Visa Inc. in 2011 recognized the difficulties gas stations faced when it announced the first U.S. EMV liability shifts. The biggest card network set its fuel-pump liability shift exactly two years later than its October 2015 POS liability shift. Mastercard followed with a similar schedule.

Early on, however, fuel retailers began complaining that they faced an expensive, years-long project with uncertain returns. A consultant in retail technology interviewed by Digital Transactions estimated that the total cost to upgrade fuel pumps for chip cards could fall anywhere between $4 billion and $6 billion (“How Ready Are They?” October, 2016).

An executive with a convenience-store/gas-station trade association said in the same story that he expected less than 20% of the nation’s 120,000 convenience stores with fuel pumps to be EMV-ready by October 2017.

Clearly, Visa and Mastercard would be in for a fight if they tried to enforce the liability shifts, which would assign to the pump operator financial liability for counterfeit fraud resulting from a transaction in which the pump couldn’t read an EMV card’s chip. The networks accepted reality last Dec. 1.

“We knew that the AFD segment would need more time to upgrade to chip because of the complicated infrastructure and specialized technology required for fuel pumps,” Visa said in a statement. “For instance, in some cases, older pumps may need to be replaced before adding chip readers, requiring specialized vendors and breaking into concrete. Furthermore, five years after announcing our liability shift, there are still issues with a sufficient supply of regulatory-compliant EMV hardware and software to enable most upgrades by 2017.”

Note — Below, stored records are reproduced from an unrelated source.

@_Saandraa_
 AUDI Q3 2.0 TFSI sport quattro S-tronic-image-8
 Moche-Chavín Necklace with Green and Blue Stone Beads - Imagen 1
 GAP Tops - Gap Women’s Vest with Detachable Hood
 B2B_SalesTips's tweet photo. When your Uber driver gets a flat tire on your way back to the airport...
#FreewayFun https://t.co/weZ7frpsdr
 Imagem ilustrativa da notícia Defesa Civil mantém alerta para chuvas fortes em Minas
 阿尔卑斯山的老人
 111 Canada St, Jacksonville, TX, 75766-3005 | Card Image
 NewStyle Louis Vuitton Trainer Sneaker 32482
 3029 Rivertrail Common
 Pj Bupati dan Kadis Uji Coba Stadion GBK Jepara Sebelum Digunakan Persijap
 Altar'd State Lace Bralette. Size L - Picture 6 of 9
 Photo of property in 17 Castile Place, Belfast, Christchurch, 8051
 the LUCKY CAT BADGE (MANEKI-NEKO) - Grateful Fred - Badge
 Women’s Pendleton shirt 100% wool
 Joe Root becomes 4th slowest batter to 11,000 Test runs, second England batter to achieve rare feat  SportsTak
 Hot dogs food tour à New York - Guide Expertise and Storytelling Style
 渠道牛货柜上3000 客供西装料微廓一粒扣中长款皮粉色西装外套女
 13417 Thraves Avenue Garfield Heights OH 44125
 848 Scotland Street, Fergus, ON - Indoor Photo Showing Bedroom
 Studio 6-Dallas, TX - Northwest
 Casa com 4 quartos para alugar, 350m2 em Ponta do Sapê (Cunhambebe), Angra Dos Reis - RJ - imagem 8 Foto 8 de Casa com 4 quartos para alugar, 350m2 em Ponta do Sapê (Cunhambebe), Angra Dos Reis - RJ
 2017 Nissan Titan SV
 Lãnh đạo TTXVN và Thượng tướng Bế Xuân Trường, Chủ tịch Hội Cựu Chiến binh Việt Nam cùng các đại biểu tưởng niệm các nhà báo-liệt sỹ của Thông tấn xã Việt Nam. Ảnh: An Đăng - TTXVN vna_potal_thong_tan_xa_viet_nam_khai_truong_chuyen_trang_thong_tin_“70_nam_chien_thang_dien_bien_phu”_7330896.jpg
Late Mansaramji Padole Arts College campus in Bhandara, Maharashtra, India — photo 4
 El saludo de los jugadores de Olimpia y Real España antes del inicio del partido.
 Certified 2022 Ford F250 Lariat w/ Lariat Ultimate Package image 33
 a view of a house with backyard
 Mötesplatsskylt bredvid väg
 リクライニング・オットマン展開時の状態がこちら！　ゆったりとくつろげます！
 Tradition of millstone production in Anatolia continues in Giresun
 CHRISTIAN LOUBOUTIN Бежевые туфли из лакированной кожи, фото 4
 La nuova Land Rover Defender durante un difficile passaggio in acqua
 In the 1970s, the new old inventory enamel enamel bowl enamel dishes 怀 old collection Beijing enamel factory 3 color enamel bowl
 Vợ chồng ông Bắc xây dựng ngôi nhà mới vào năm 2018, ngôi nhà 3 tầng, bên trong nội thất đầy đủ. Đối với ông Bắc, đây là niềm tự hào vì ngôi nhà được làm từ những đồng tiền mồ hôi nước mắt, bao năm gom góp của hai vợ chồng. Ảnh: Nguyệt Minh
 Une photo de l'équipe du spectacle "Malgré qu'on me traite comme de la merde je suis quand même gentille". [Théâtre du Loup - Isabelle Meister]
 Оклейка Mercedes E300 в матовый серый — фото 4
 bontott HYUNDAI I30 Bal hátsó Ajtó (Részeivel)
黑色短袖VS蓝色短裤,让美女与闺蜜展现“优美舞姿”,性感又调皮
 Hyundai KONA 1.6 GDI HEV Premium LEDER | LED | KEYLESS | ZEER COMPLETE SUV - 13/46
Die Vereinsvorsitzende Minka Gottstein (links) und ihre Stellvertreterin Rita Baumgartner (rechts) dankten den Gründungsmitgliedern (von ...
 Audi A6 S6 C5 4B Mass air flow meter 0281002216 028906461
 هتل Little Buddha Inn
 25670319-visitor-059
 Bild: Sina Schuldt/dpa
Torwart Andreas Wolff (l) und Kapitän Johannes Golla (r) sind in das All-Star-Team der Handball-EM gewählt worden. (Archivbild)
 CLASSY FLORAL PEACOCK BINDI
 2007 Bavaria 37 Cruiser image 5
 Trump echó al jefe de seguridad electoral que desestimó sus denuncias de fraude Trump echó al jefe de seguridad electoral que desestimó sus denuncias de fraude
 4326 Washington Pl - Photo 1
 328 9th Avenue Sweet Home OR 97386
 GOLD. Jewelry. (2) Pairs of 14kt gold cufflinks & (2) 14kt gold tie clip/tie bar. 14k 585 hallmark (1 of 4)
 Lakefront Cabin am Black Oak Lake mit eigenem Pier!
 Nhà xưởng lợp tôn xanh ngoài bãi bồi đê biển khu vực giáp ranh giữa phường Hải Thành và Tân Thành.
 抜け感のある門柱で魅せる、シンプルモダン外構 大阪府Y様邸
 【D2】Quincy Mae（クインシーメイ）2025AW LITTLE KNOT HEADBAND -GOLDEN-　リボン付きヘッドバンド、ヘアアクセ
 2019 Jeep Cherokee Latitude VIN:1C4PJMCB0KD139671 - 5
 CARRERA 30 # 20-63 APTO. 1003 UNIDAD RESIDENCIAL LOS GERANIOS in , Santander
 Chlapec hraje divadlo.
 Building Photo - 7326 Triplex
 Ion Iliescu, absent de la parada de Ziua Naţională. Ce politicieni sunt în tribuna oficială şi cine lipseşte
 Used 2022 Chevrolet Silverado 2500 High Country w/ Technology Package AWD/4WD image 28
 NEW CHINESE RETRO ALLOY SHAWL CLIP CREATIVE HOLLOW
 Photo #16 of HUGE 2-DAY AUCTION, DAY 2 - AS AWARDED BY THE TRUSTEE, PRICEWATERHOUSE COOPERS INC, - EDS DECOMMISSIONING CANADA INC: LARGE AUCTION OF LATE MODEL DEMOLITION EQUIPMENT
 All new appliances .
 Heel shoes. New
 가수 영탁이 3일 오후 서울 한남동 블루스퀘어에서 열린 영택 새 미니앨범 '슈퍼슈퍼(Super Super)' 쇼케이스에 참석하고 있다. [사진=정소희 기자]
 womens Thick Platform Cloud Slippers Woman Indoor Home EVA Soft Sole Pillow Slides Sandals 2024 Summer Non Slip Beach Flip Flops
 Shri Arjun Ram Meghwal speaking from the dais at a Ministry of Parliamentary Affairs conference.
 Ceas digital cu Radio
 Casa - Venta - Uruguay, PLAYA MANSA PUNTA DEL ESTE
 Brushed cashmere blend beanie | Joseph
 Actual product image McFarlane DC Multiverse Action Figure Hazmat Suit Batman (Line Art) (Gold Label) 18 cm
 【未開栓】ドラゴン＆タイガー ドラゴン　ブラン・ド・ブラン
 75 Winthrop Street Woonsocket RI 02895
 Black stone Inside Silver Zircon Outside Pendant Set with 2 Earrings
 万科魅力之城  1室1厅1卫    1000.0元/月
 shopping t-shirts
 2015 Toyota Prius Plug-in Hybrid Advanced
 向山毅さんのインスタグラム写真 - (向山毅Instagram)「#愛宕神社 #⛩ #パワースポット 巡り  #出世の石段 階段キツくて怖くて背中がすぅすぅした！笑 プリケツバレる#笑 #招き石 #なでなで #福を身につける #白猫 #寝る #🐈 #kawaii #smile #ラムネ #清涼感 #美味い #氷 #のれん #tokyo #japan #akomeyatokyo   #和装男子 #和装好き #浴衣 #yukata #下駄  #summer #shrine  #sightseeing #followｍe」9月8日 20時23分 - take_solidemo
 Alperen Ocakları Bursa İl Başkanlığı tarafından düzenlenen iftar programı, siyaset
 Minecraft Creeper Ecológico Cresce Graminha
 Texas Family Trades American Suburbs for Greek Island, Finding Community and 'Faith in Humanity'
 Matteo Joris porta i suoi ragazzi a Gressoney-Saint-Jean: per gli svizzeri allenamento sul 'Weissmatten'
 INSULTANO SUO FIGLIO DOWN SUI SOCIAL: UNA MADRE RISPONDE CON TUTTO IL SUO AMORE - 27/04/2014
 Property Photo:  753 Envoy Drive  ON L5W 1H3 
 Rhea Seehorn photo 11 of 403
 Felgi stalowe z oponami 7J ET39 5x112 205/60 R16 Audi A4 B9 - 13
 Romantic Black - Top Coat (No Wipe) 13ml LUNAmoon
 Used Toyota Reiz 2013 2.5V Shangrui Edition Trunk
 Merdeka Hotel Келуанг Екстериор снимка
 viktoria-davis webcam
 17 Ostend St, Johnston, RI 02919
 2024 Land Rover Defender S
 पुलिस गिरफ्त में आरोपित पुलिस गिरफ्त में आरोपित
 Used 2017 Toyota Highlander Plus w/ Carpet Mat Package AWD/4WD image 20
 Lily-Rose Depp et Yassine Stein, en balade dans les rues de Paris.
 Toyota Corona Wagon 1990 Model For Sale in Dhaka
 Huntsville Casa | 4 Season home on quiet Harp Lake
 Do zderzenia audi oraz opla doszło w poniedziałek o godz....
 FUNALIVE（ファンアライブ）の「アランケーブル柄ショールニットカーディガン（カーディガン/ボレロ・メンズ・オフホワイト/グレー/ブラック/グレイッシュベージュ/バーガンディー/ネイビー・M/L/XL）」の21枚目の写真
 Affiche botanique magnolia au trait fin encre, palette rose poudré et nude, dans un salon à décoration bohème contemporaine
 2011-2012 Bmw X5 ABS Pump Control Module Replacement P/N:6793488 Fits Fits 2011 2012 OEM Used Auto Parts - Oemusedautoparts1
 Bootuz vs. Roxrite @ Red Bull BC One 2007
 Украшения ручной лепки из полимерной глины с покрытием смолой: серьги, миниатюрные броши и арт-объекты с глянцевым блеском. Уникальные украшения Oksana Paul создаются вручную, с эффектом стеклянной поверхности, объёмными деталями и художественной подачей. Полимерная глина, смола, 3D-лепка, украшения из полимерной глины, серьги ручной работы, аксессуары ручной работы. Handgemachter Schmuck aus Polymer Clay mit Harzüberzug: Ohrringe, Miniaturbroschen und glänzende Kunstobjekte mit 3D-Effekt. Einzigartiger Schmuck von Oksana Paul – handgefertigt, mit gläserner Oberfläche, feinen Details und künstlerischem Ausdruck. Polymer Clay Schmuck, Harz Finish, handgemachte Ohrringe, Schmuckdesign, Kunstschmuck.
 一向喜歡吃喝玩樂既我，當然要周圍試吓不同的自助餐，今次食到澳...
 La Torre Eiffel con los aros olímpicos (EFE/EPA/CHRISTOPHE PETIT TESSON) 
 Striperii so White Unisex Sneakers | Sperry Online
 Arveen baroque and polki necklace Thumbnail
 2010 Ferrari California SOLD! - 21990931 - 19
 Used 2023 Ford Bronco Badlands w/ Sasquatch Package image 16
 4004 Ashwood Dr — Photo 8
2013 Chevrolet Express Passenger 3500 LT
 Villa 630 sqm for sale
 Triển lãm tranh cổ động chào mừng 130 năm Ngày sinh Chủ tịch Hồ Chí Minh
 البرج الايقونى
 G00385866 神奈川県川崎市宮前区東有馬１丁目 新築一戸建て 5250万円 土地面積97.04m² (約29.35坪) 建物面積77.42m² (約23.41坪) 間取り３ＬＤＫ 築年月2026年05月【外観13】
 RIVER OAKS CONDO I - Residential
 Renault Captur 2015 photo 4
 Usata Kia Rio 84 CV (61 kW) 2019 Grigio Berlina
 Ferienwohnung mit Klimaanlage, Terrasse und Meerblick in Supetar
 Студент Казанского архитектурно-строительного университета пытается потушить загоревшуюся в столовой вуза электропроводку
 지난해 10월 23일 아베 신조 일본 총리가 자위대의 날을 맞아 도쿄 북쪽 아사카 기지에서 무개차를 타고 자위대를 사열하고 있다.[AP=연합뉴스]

While some observers said the delays would enable criminals to commit counterfeit fraud for an extra three years, Visa noted that fuel-pump fraud is “relatively low,” at just 1.3% of U.S. payment fraud. The network also took the occasion to promote its Visa Transaction Advisor fraud-prevention service, which it said has been effective in cutting fraud at the pump.

A Leisurely Pace at the POS

It wasn’t long after the liability shift that reports began surfacing of slow-as-molasses transaction times with EMV cards. Cardholders and cashiers accustomed to speedy mag-stripe swipes were sadly disappointed to find their high-tech chip cards had to be inserted in a terminal and then left there for what seemed an eternity.

Merchant processor Cayan figured last year that a typical EMV transaction took 16 seconds, compared to just three for a swipe. It calculated that, at that rate, EMV would cost cashiers and customers 116 million hours at the point of sale, compared to just under 22 million for old-fashioned mag-stripe transactions.

Again, sensing a PR fiasco, Visa and Mastercard intervened. Both networks last summer introduced technology updates that shaved EMV times down to about three seconds. Much of the time savings came from dispensing with computing routines that were necessary for offline authorizations, which were prevalent in Europe when EMV was introduced there. This spring, a startup called Index, which had designed the update, improved on it with what it says is a one-second transaction time.

But it will take time for these improvements to be adopted industrywide. Processors are still announcing the availability of Visa’s Quick Chip and Mastercard’s M/Chip Fast, and in the meantime the wasted hours relentlessly mount. At least it gives customers a chance to chat with cashiers about the weather.